Только теперь, выйдя за ажурные металлические ворота, Иуда понял, чем с самого начала не понравилось ему здание спецгостиницы. Суровое великолепие каменных линий, розовых колонн и скульптурных приставок в виде ощеренных львиных морд, крылатых херувимов и бородатых божков четко восстановили в памяти один из беломраморных флигелей Иродовой претории, отданных римскому прокуратору на время годовых праздников-торжеств и других важных событий.

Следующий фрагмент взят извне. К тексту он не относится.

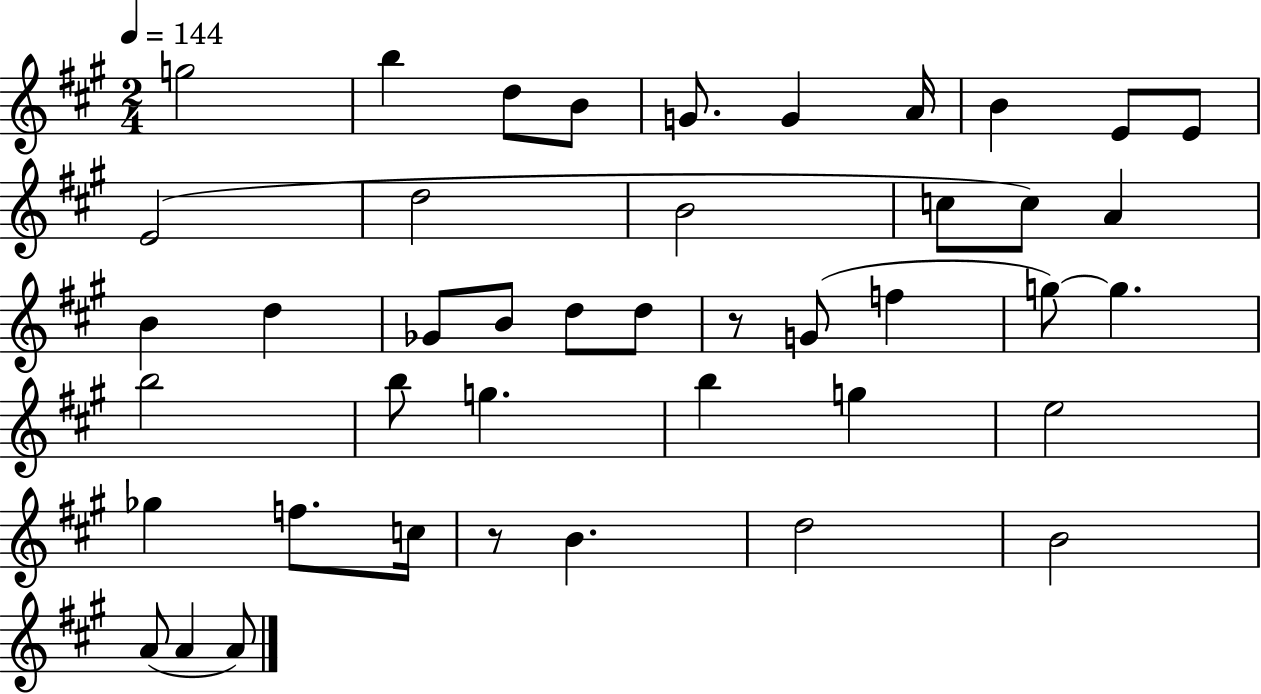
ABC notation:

X:1
T:Untitled
M:2/4
L:1/4
K:A
g2 b d/2 B/2 G/2 G A/4 B E/2 E/2 E2 d2 B2 c/2 c/2 A B d _G/2 B/2 d/2 d/2 z/2 G/2 f g/2 g b2 b/2 g b g e2 _g f/2 c/4 z/2 B d2 B2 A/2 A A/2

Праздник Великого Островитянина

До официального праздника в честь дня рождения Великого Островитянина оставалось немного времени, и Джигурда решил показать экзотическому гостю свой родной городок, уютный и крепенький, как вросший в землю гриб, сорвать который можно было только вместе с грибницей. Казалось, что вся деревянно-кирпичная архитектура этого городка, вся его внешняя и внутренняя жизнь, существуют

не сами по себе, как у деревьев или птиц, а благодаря другой жизни, возникшей по чьей-то воле на острове, где прошли обычные детство и юность маленького человека с особой кислотной усмешкой, и теперь все были вынуждены дышать его якобы рассеянным в местном воздухе дыханием, а так же думать его думами и ненавидеть его ненавистью – а это, согласитесь, не каждому под силу. Однако и в подобном странном, лихорадочном бытии при желании можно было найти светлые стороны: с острым, почти болезненным любопытством разглядывал Иуда в мемориальном домике, где родился Великий Островитянин, свидетельства, касающиеся мельчайших подробностей его жизни. Не мог оторвать взгляд от удивительного лица его матери на фотографиях под стеклом (её, кстати, звали Марией), жадно выслушивал интереснейшую историю большой семьи, чем-то похожей на ту, что была ему так дорога…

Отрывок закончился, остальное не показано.